**Task goal**. In the listing below, locate the line with "白丝 sex 东吴财险获批筹建：已召首创立大会，宋继峰拟任董事长" and the line with "Pria Ini Kesal", then output both and everything between them exactly, minus any pictures.

**Source data**.
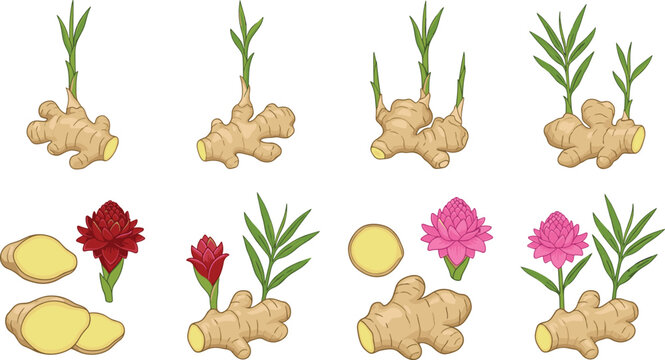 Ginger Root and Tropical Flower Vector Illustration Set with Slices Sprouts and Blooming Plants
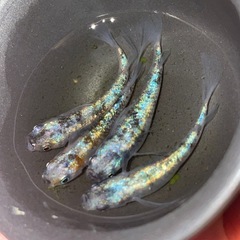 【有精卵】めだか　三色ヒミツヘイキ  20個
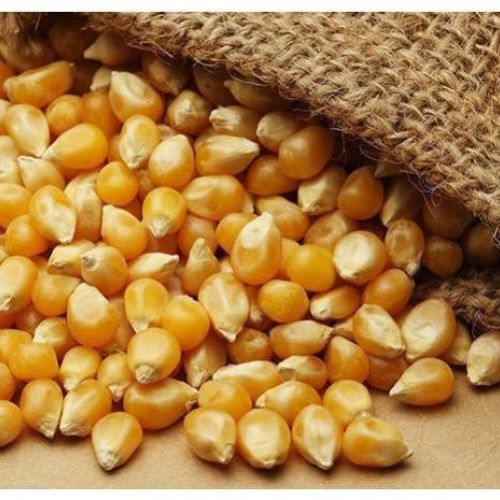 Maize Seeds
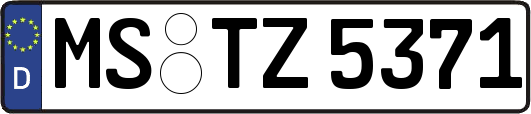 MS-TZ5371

---

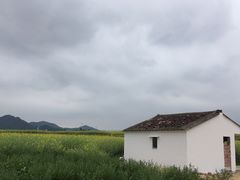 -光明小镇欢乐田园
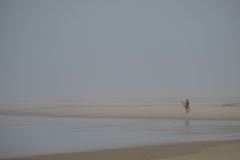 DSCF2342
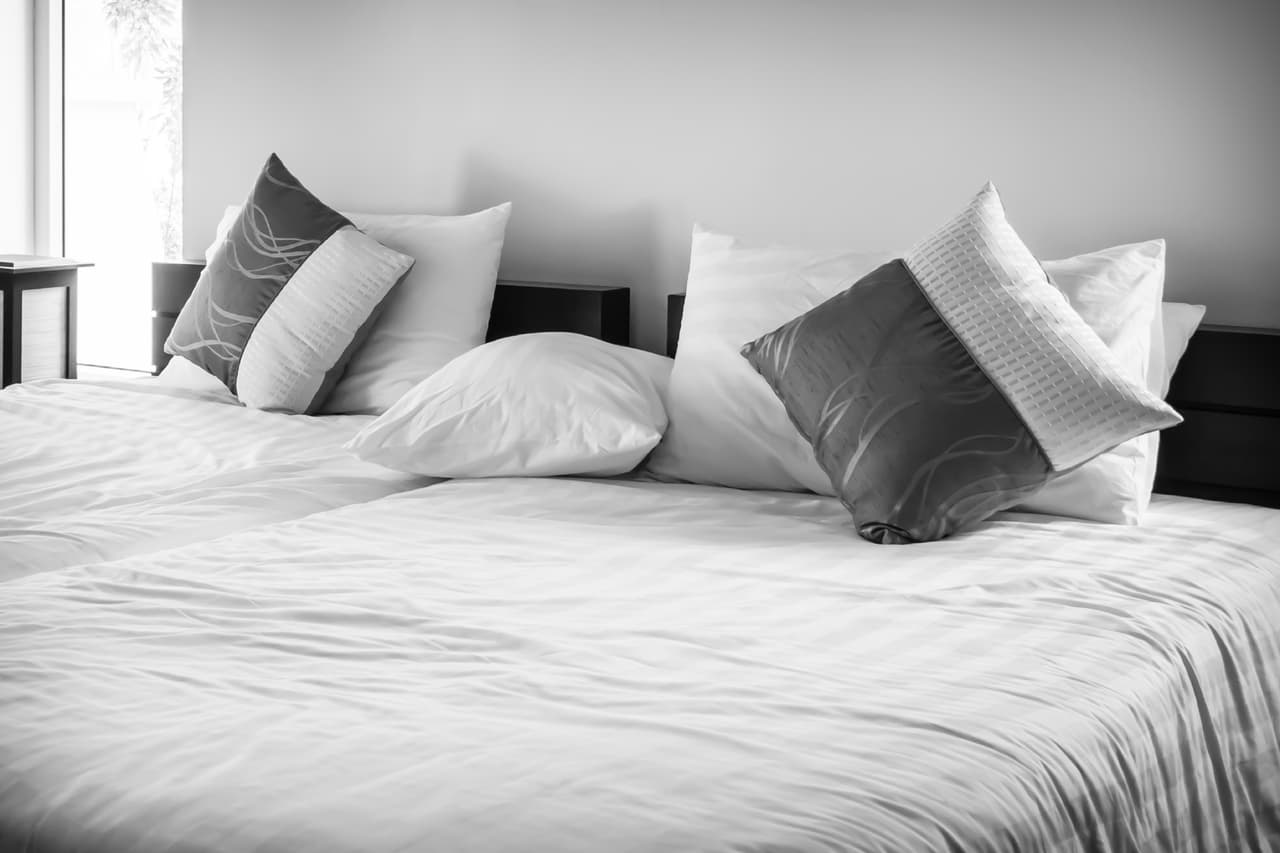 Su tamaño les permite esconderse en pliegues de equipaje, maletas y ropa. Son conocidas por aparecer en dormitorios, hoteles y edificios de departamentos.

---

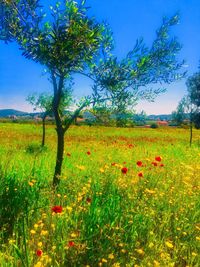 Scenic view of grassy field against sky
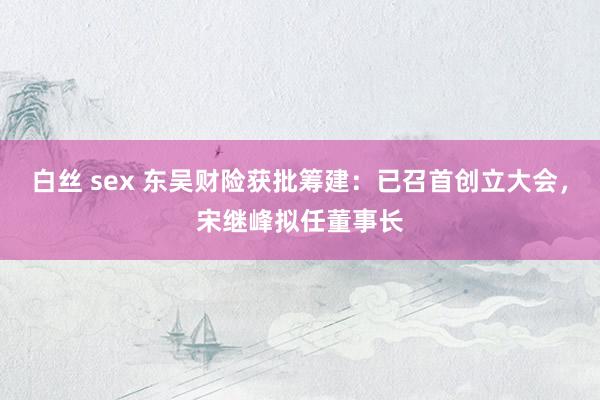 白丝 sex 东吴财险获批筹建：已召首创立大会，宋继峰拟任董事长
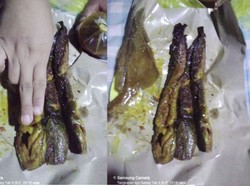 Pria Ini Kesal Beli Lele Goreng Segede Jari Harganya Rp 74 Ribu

**Reply**.
 白丝 sex 东吴财险获批筹建：已召首创立大会，宋继峰拟任董事长
 Pria Ini Kesal Beli Lele Goreng Segede Jari Harganya Rp 74 Ribu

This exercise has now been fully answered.